The House would likely argue that the Senate rule is unconstitutional. That is, the President is not impeached until the House says he is impeached. And the House would argue that the act of impeachment is not final unless, and until the House deems it final. Under the current framework, the House would have to appoint managers, and transmit the articles of impeachment. This position would flow Article I, Section 2, which gives the House the "the sole Power of Impeachment." The phrase "sole" suggests that the House, and not the Senate, decides when an impeachment is complete.
But what about the Senate? The Senate may argue that the appointment of the managers, and the transmission of the articles are mere formalities without constitutional significance. (A professor on the constitutional law list-serve drew an analogy between these ministerial tasks and the formal delivery of Willam Marbury's commission.) Indeed, there is no constitutional requirement that the Senate allow House managers to present the articles. The Senate could handle the proceedings however it chooses. But can the Senate reach a different conclusion than the House about whether the impeachment is final? Article I, Section 3 provides "[t]he Senate shall have the sole Power to try all Impeachments." The Senate gets to decide how to try an impeachment. But a precursor to that trial is the establishment of an "impeachment," which the House gets to define. I have doubts about whether such a Senate rule would be constitutional.
Now, consider another Senate rule: if the House of Representatives approves an article of impeachment, but fails to transmit that article within thirty days, the Senate shall treat the article as dismissed for lack of prosecution, and the impeached official shall be deemed acquitted.

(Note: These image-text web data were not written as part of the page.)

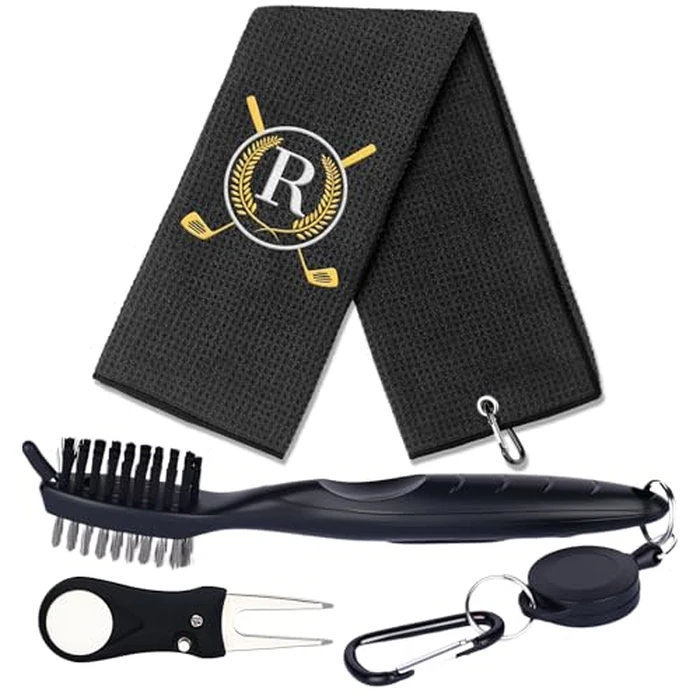 OXYEFEI Golf Towel Gift Set for Men Women,Golf Club Cleaner Brush Divot Repair Tool Microfiber Golf Towels with Embroidered Monogrammed,Golf Accessories for Men Women (Black, R) by OXYEFEI - Used - Very Good condition - CA$12.12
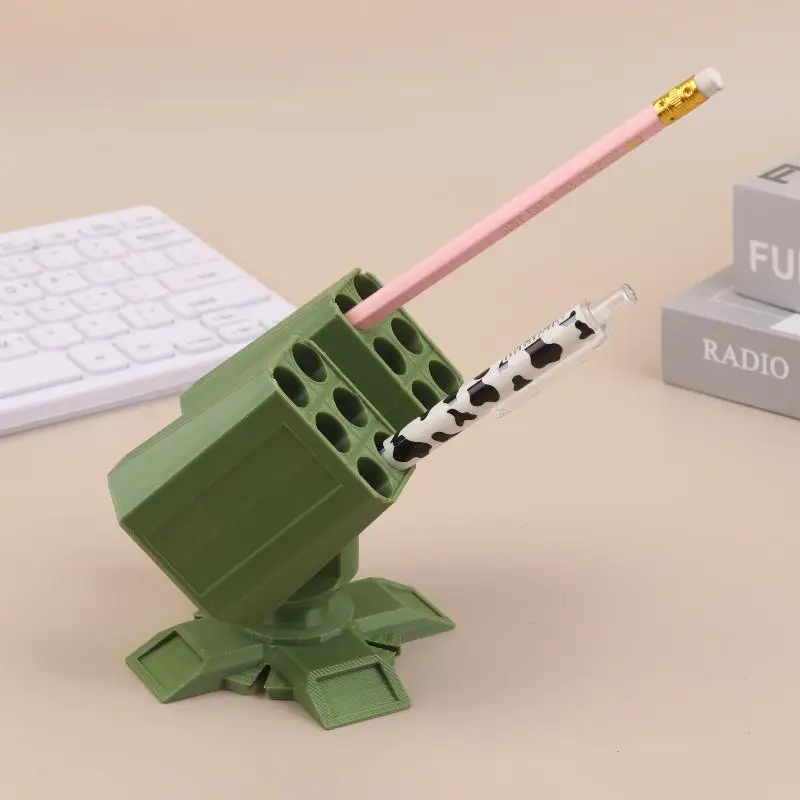 1Pc 3D Printed Missile Shaped Pen Holder Creative Anti-aircraft Missile Launcher Pen Stand Desktop Organizer Home Office Decor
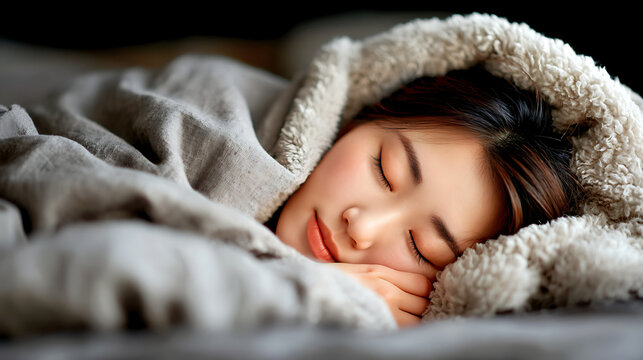 An exhausted young woman sleeps at her desk, showing fatigue from work or study.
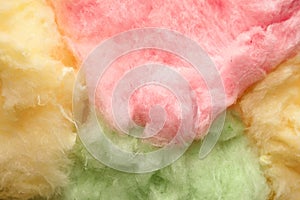Colorful fluffy cotton candy as background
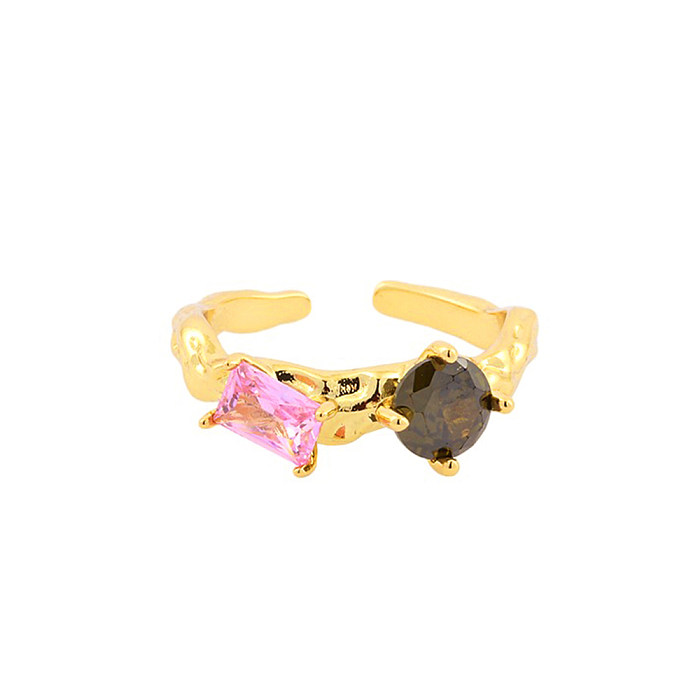 Exaggerated Shiny Irregular Copper Plating Inlay Zircon 18K Gold Plated Open Ring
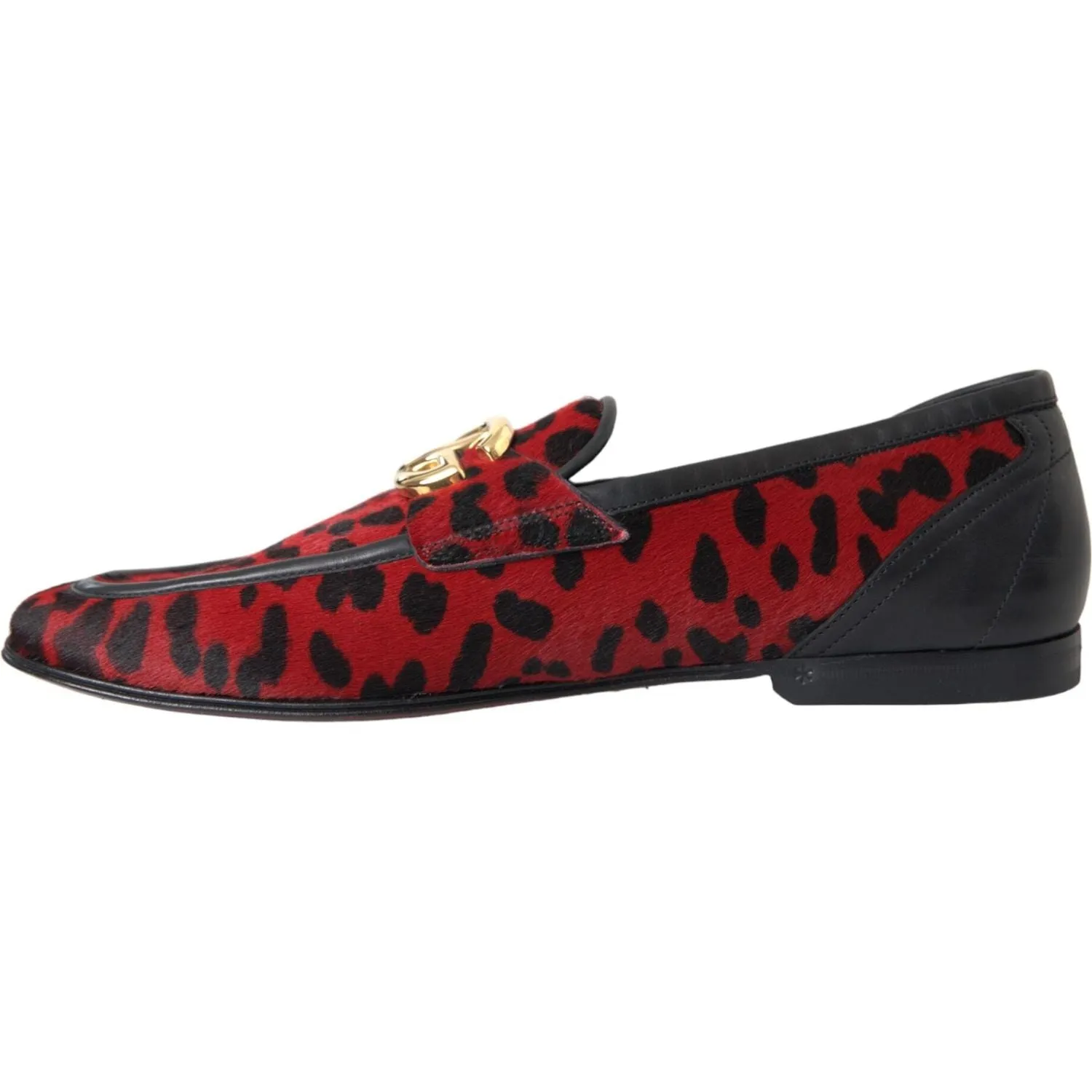 Dolce & Gabbana Red Black Leopard DG Loafers Formal Men Shoes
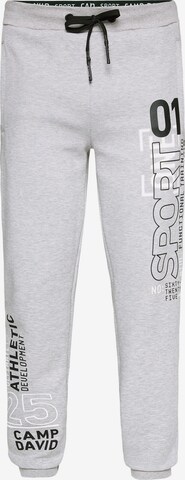 CAMP DAVID Tapered Pants in Grey: front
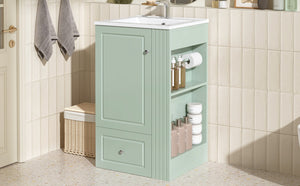 English Elm 20" Freestanding Bathroom Vanity Mdf Cabinet Ceramic Sink Open Shelves Powder Room Green N725P364210F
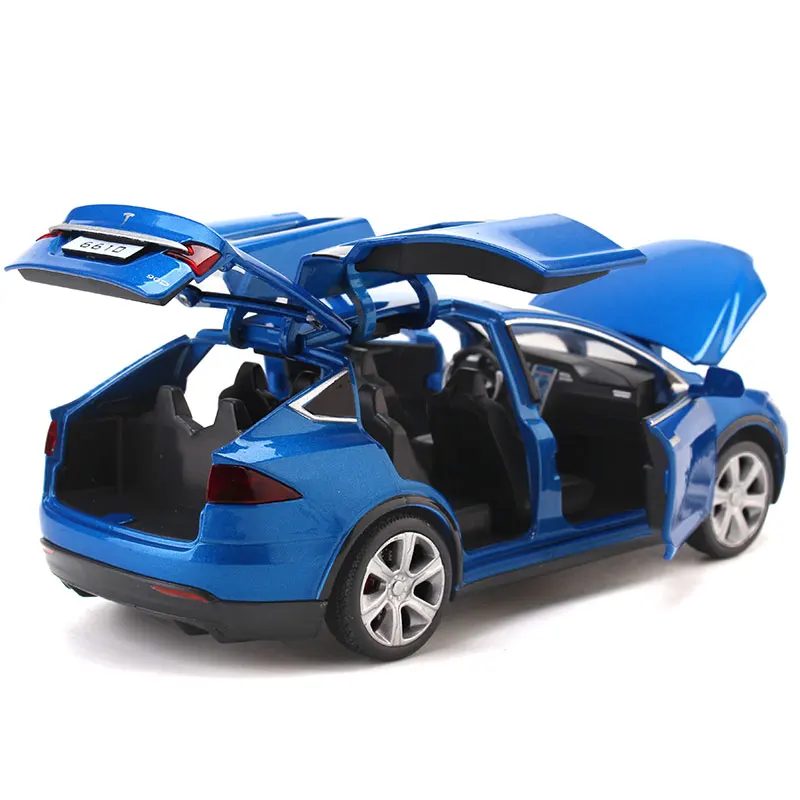 1:32 Tesla Model X90 High Simulation Metal Model Acousto-optic Pull-back Toy Car 4 Open Door Flashing Music Kids Toy Gift 3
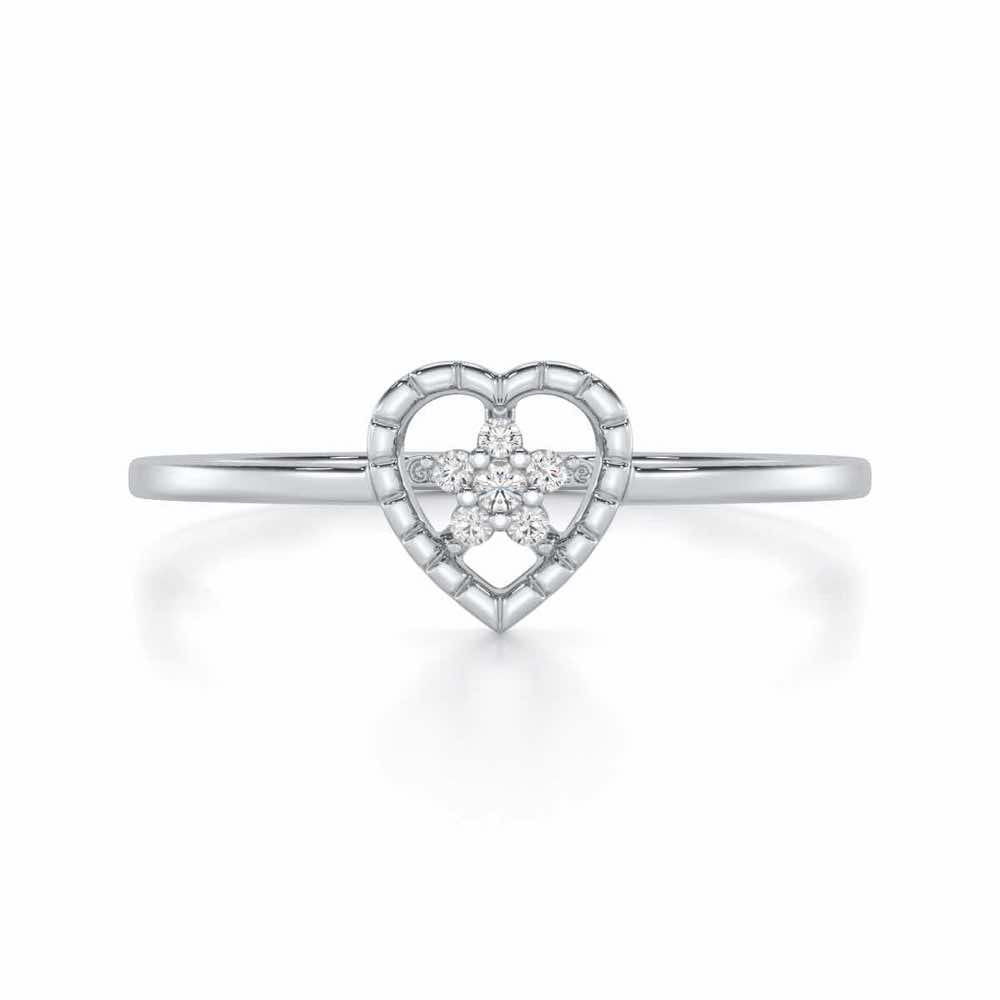 Lustrous Love Silver Ring - White Gold - Image 4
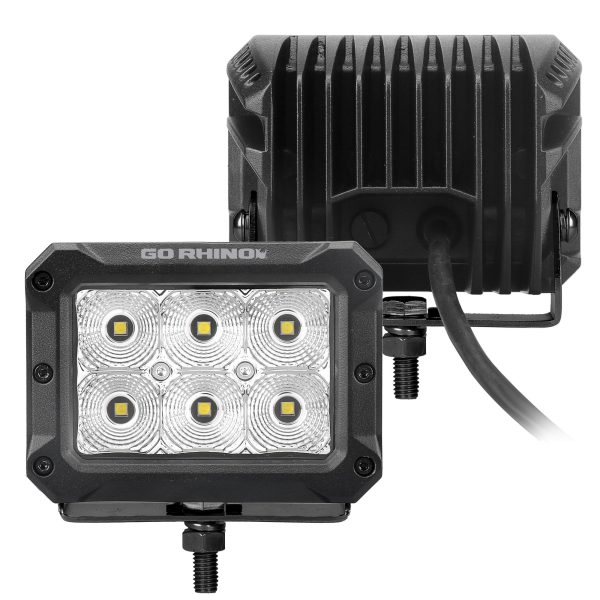Go Rhino753003023FBS - Bright Series Lights - Pair of 4x3 Rectangle LED Flood Light Kit -  Black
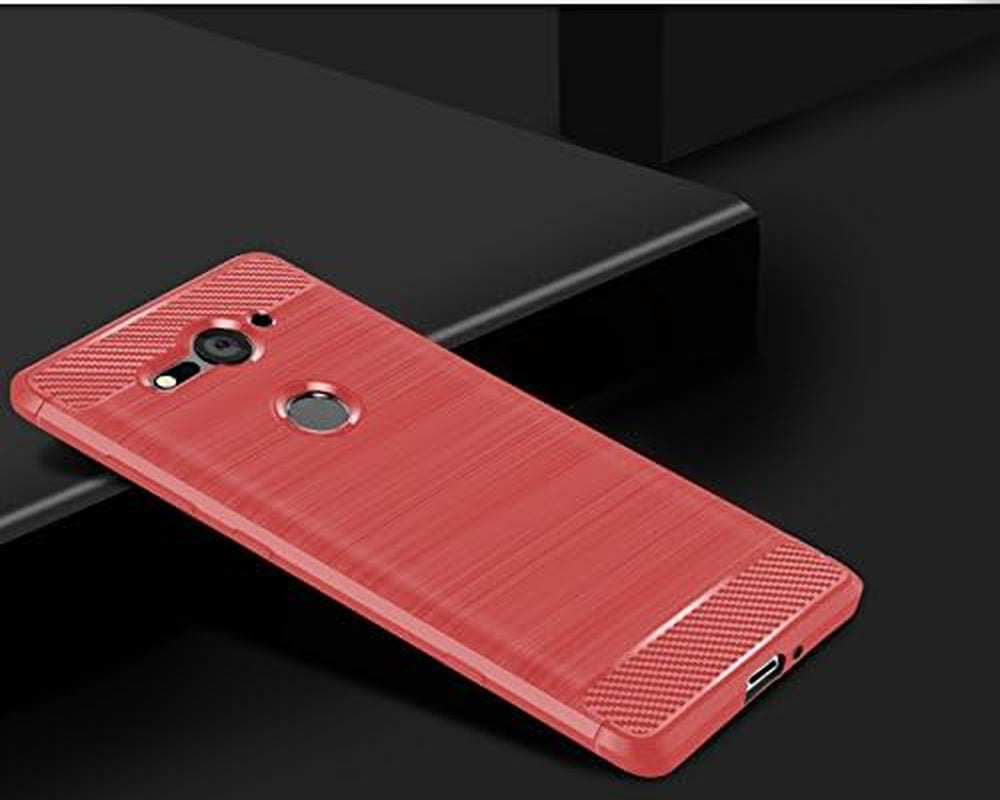 Cruzerlite Case Compatible with Cellphone Sony Xperia XZ2 Compact Case, Carbon Fiber Shock Absorption Slim Case Compatible with Cellphone Sony Xperia XZ2 Compact (2018) (Red)  Cruzerlite   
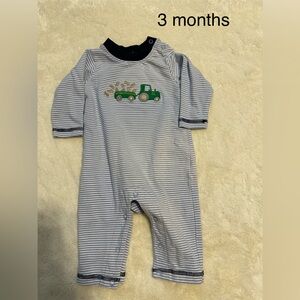 Striped Blue Baby One Piece with Truck Design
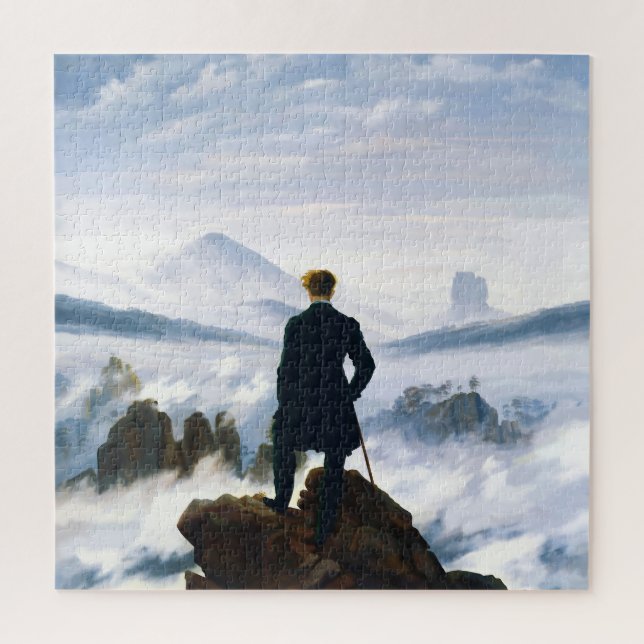 Wanderer über dem Nebelmeer, Caspar D Friedrich  Puzzle (Vertikal)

This proposal somewhat resembles Federal Rule of Criminal Procedure 48(b):
The court may dismiss an indictment, information, or complaint if unnecessary delay occurs in:
(1) presenting a charge to a grand jury;
(2) filing an information against a defendant; or
(3) bringing a defendant to trial.
Unlike my first proposal, this second proposal does not purport to define what is and is not an impeachment. Rather, it simply deems the person charged with the offense as acquitted–a power within the Senate's prerogative. The House can dither and take as much time as it wants, but it cannot demand a trial at the time of its choosing. If the House waits too long, it will miss its chance of having a trial at all. I used thirty days as an example, but different time limits may be appropriate. The Senate could reasonably conclude that it does not want a cloud to hang over the accused indefinitely–especially if the President has been impeached–and the House should be pay the price for failing to transmit the articles within a reasonable time.
I think such a rule could pass constitutional muster. But I would not support this change. The House is under no obligation to transmit the articles, but failing to do so bears political costs. Indeed, waiting undermines the urgency with which the articles were approved. Political hardball in the Senate may not be necessary.